Chicago Ridge mayor: ‘I thought I was going to die’
BY STEVE METSCH email@example.com October 23, 2013 11:29AM
Chuck Tokar considers himself lucky to be alive.
Tokar, 59, the mayor of Chicago Ridge, experienced a life-threatening incident in August that, if left untreated, may have had the village seeking a new leader.
He started feeling pain one day in his left hip. He figured it may have been arthritis. Twenty-six years ago, he was involved in a serious car accident in which he suffered a broken hip. Tokar attributed the pain to that accident and didn’t give it much thought.
“I thought, ‘You break your hip, you probably will get arthritis.’ It was not that huge a deal. It bothered me for two weeks or so, then I noticed an ache behind my knee,” Tokar said.
He made an appointment with his doctor. That night, at 3 a.m., he woke up with what he thought was a charley horse.
“I reached down to rub it. It was a vein popping out of my calf, and it felt like an ice pick in my calf,” he said. “I worked Friday morning for a few hours. They did an ultrasound on it at the doctor’s office and the tech said, ‘I’ve got good news and bad news. The good news is you don’t have to go back to work.’ ”
The “bad news” had him heading directly to the emergency room at Christ Medical Center in Oak Lawn with a massive blood clot that stretched from his hip to his calf. Some doctors said it was the largest clot they had ever seen.
“I was like, ‘Wonderful, that’s good to hear,’ ” Tokar recalled recently.
He was in critical care for three days and, fortunately, a doctor who specializes in arteries and veins was at Good Samaritan Hospital in Downers Grove.
Tokar thought his stay would be short. He wound up spending a week combined in the two hospitals. He had three surgeries in two days.
He was fortunate, in a way, that he had that car accident in 1987.
“I did have a blood clot in my right leg that did break off and went to my lung. I was at Oak Forest Hospital. I thought it was a heart attack and I was dying,” he said. “They went in and put an umbrella filter in my lung to catch any clots.
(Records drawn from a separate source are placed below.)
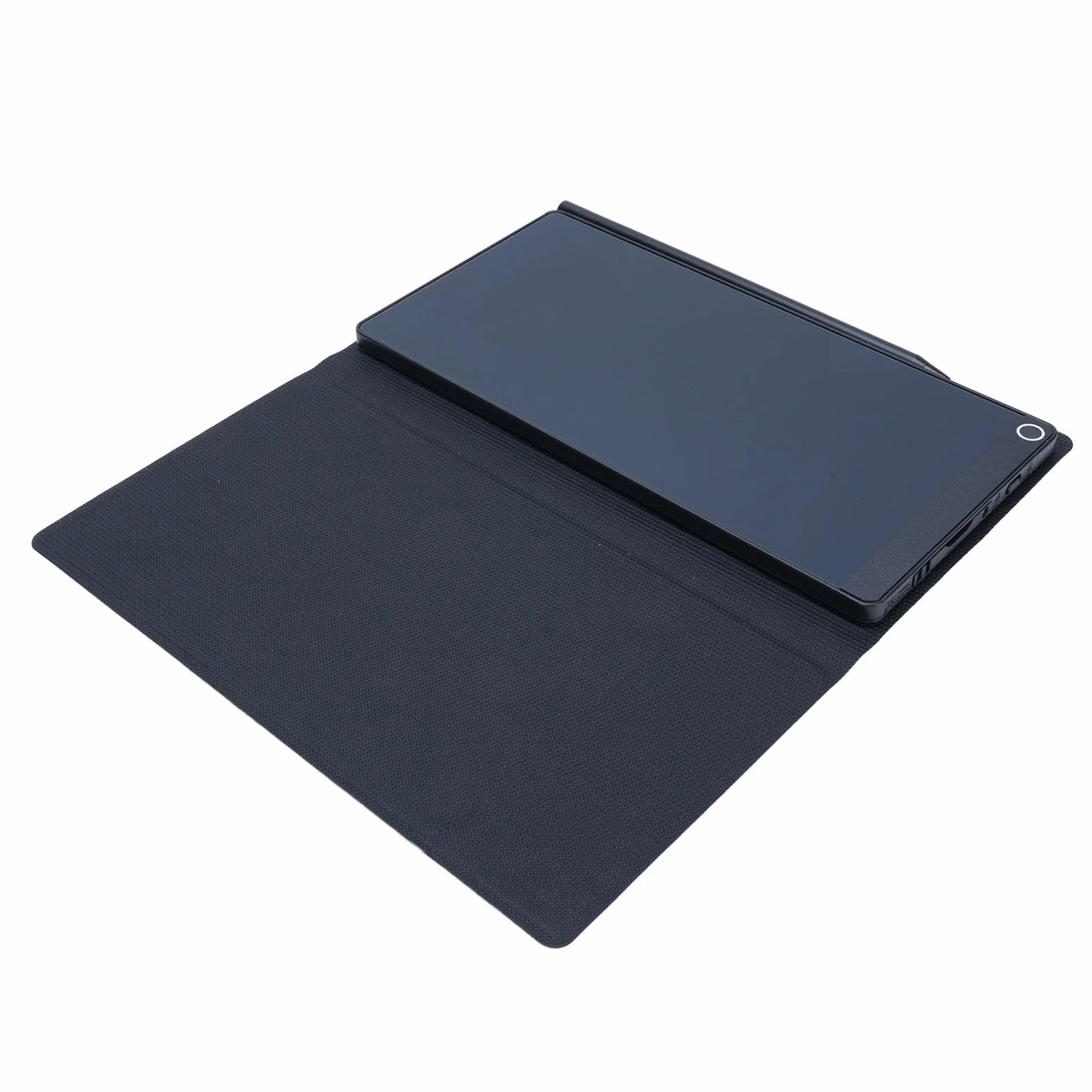 Tablet di Scrittura LCD per Adulti 6,5 Pollici, Tavolo da Disegno a Schermo Intero, Blocco Note Digitale Riutilizzabile con Penna Stilo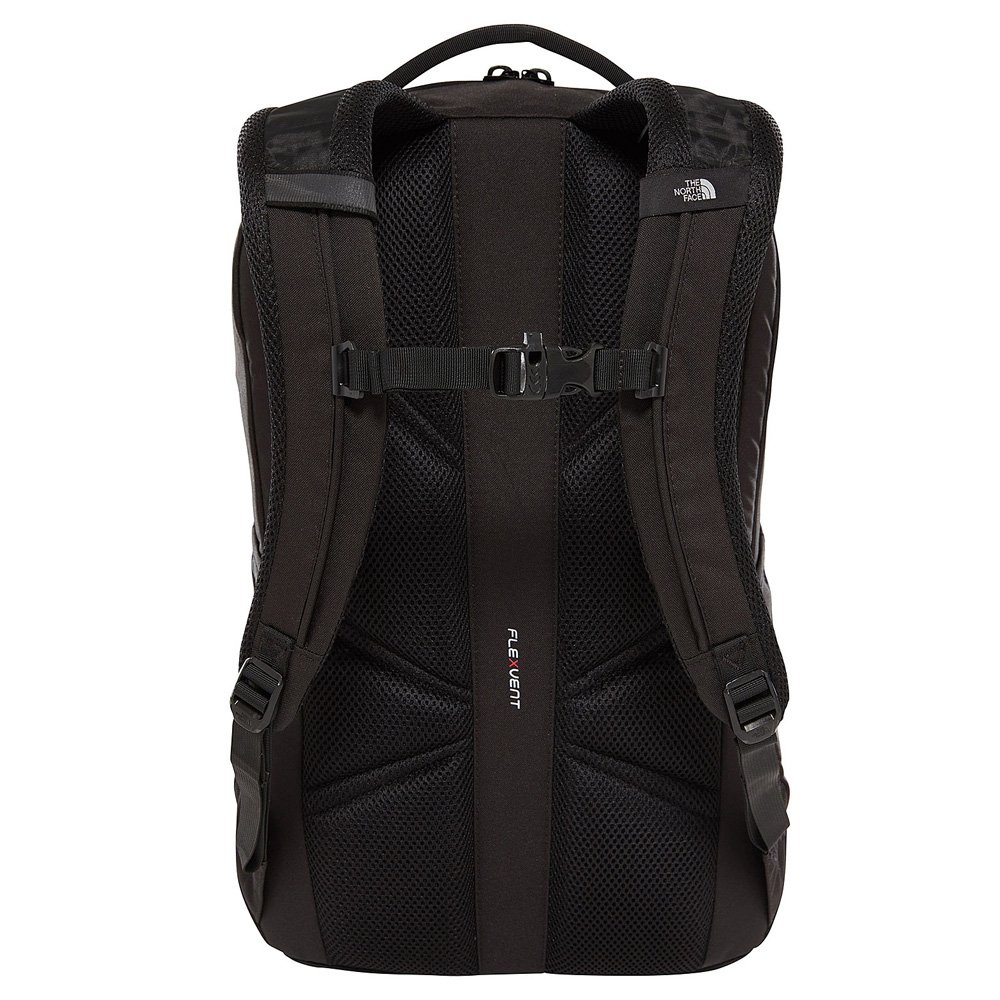 the north face vault tnf black the north face vault tnf black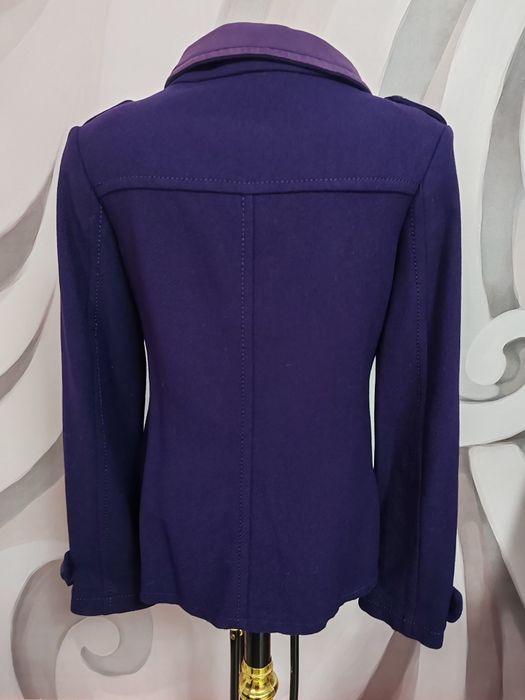 H&M palton/ pardesiu Divided damă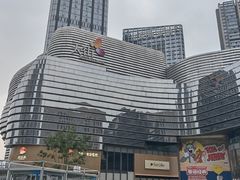 -龙湖成都上城天街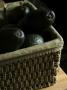 Basket Of Avocados by Jodie Coston Limited Edition Print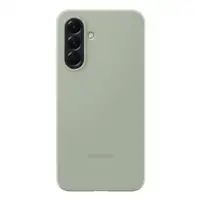 Samsung Funda Silicona Verde para A56 5G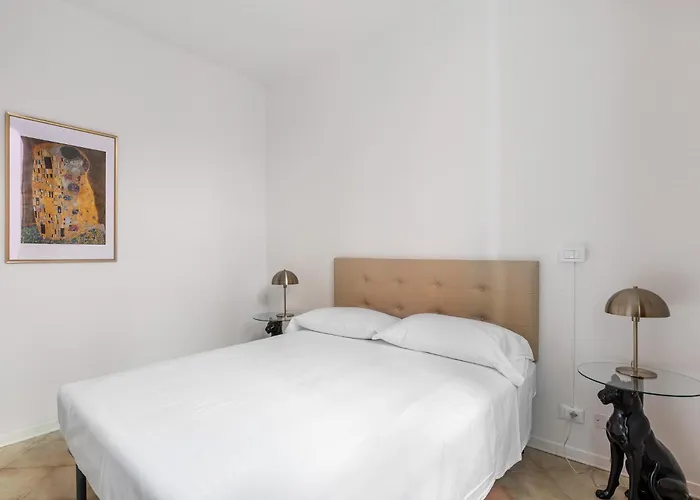 Apartment Gombruti Vintage By Wonderful Italy Bologna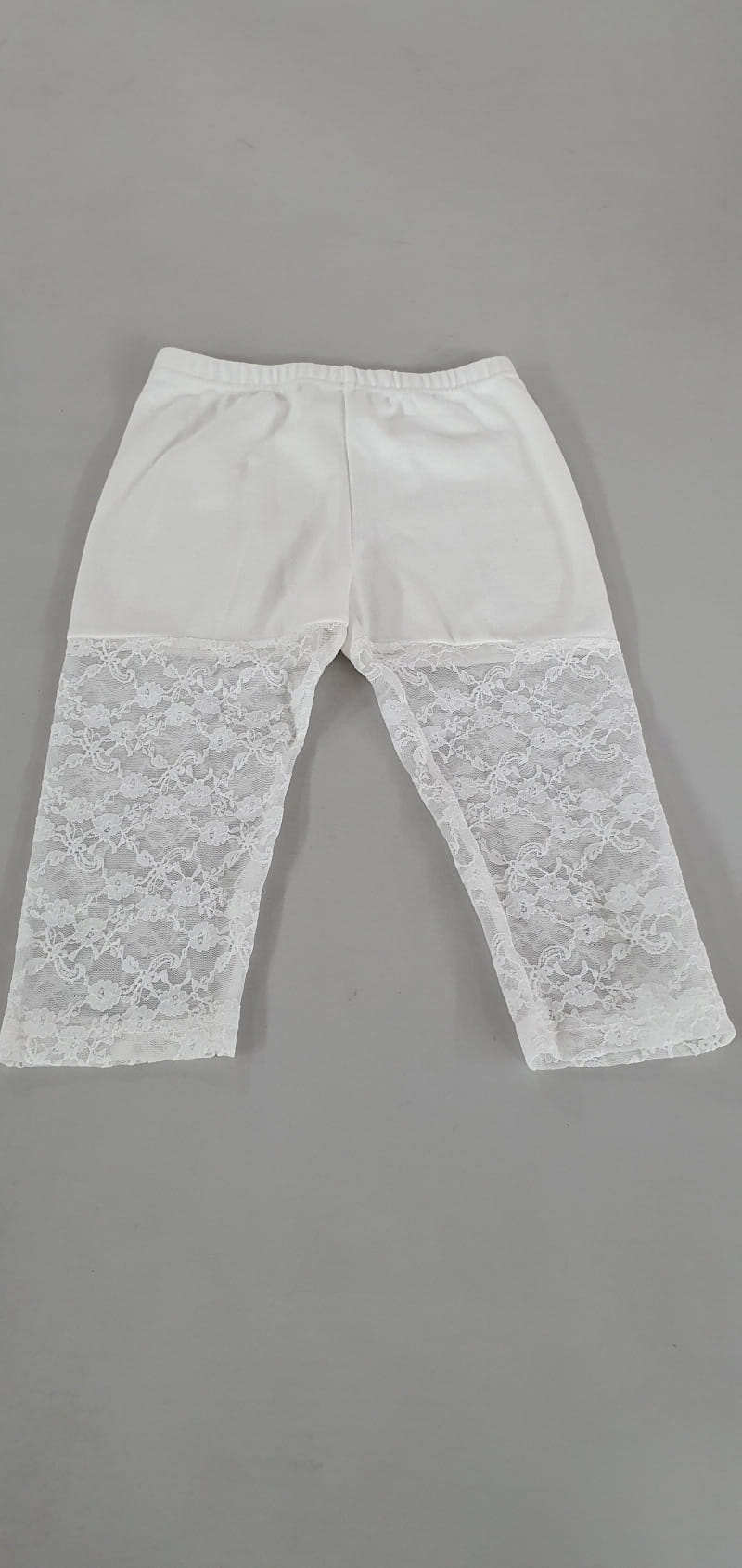 E.RU - Korean Children Fashion - #Kfashion4kids - Les Skirt Leggings - 3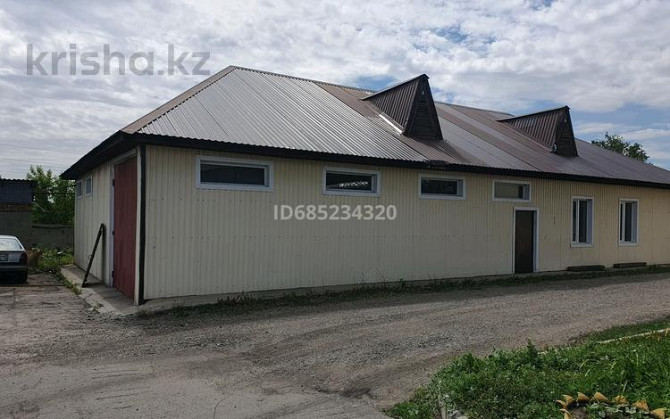Промбаза 2.3 га, Машиностроителей 11/12 — Овечий ключ Ust-Kamenogorsk - photo 5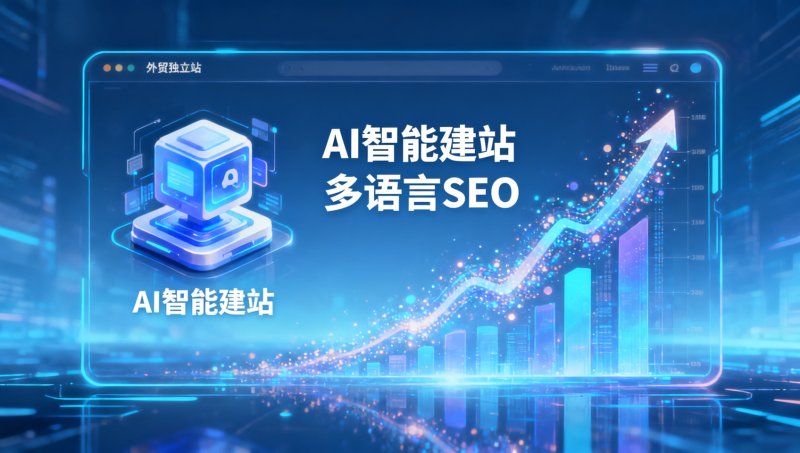 杭州の海外貿易独立サイトの新たなトレンド：2023年にこれらの機能が標準装備となる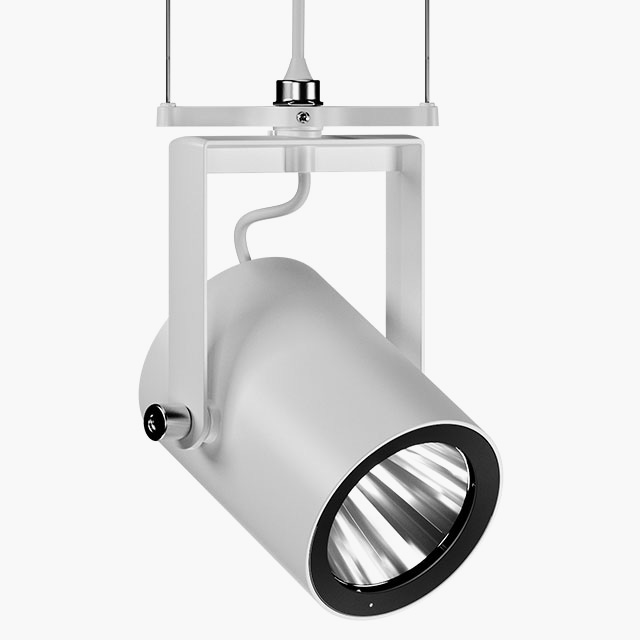 Tecnica Evo ø117mm Food pendant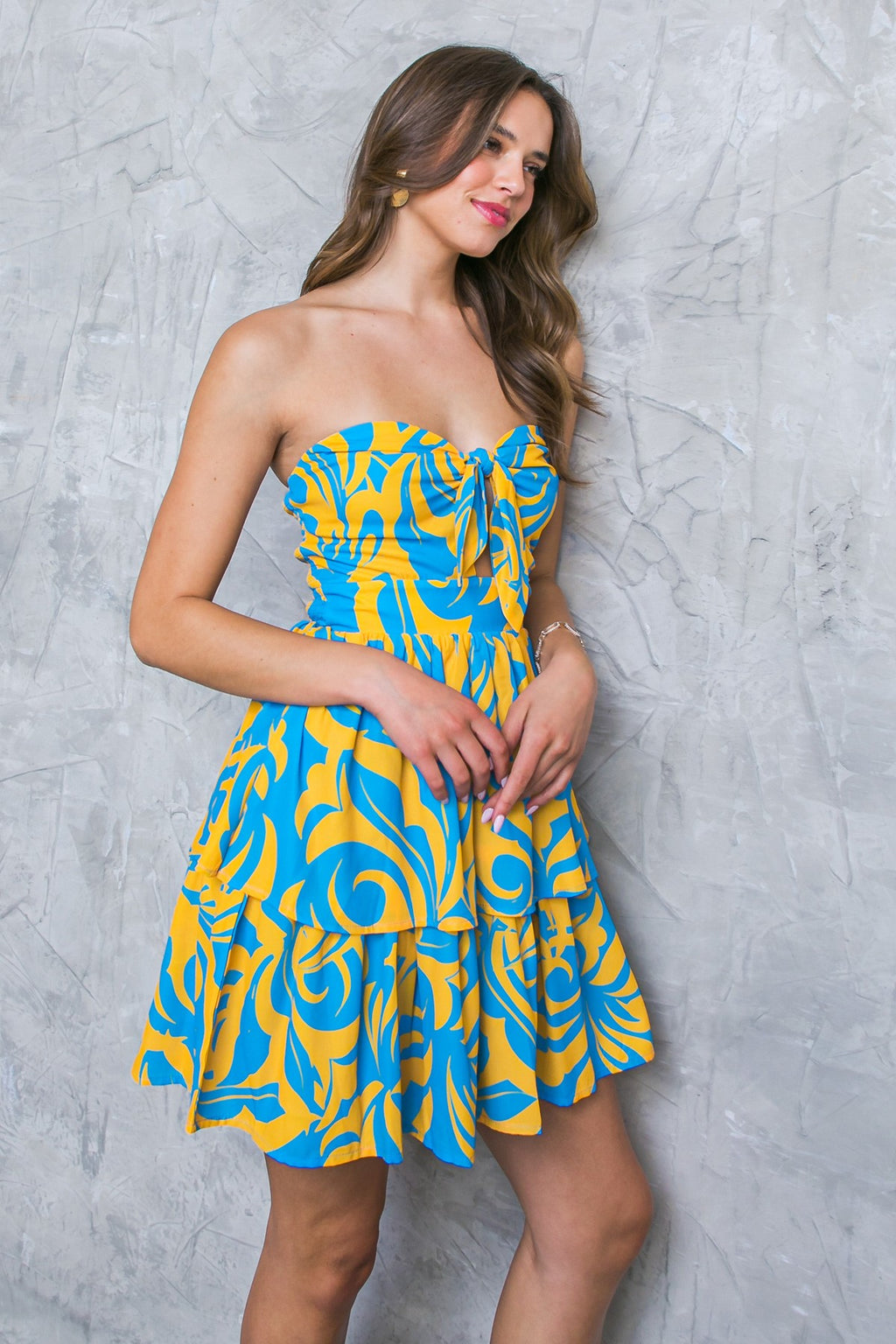 Liz Dress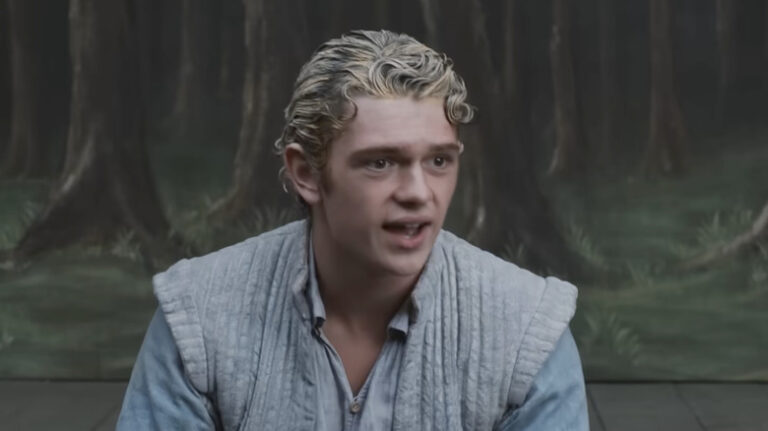 Les quatre films Hamlet 2025, classés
So this time when they did an X-ray, I said, ‘That’s the filter from 26 years ago.’ They said I should be glad it’s still there.”
After the latest development, Tokar was put under doctor’s orders to not sit too long and to get up and walk around often. He has a stand-up desk in the mayor’s office which he uses to avoid sitting in a chair too long, lest another clot be created.
He’s extremely grateful that Dr. Amir Motarjeme was able to perform the surgery.
“They say he’s the best at this. I was in good hands. He did a great job,” Tokar said.
Tokar lost 12 pounds while hospitalized and recently was walking with a slight limp that was expected to be temporary. He has a new chair that slopes downward a bit, designed to enhance circulation to his legs.
“In my old chair, I noticed the pins-and-needles feeling in my feet after sitting at the desk all day,” he said.
Looking back at his ordeal, he conceded, “At one point, I thought I was going to die. ... I got lucky.”
He offers this advice for anyone who may experience strange sensations in their legs: Call your doctor.